= Dataset entries =
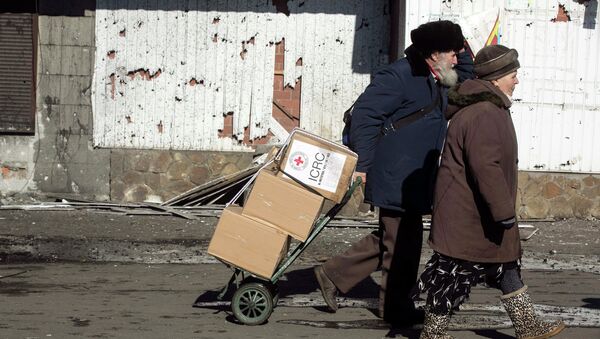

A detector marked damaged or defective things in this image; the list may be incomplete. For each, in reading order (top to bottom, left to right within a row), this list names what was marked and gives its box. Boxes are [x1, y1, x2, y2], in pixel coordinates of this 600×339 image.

peeling paint on wall [91, 0, 386, 151]
damaged building wall [92, 0, 390, 151]
damaged building wall [408, 0, 600, 174]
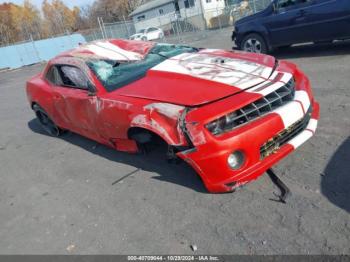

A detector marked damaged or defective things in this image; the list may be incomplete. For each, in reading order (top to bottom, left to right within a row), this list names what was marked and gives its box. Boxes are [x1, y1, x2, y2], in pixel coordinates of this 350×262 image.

shattered windshield [86, 43, 198, 91]
crumpled hood [116, 49, 278, 106]
damaged red camaro [26, 40, 318, 193]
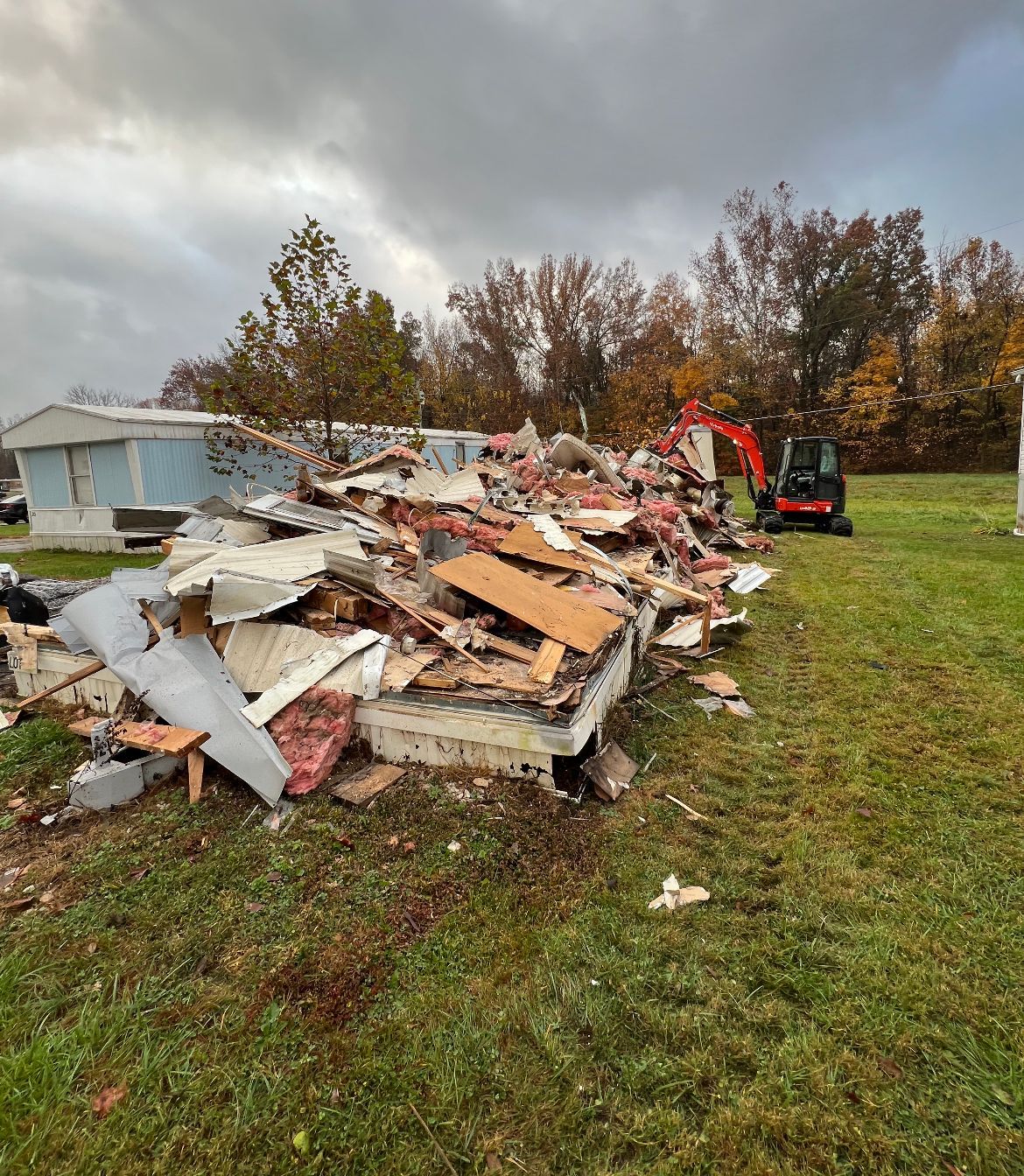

= Task item =
A precise copy of each record, with the images removed, should be output.

= Exercise solution =
A detector marked damaged or defective things in this image; the list may be incomplete. For each, in reading order (top to bottom, left to right within a row), this list names what was marked and gives its box. Boxes are [x1, y1, x2, y2], in pixel coordinates of this 600×339 image.

peeling paint on wall [91, 0, 386, 151]
damaged building wall [92, 0, 390, 151]
damaged building wall [408, 0, 600, 174]

A detector marked damaged or defective things in this image; the list may be incomplete. For each, in reading order (top to bottom, left to right within a row), this list names what was marked and gives its box. Boxes are [x1, y1, x2, y2], in pixel coordinates of this 350×262 image.

shattered windshield [86, 43, 198, 91]
crumpled hood [116, 49, 278, 106]
damaged red camaro [26, 40, 318, 193]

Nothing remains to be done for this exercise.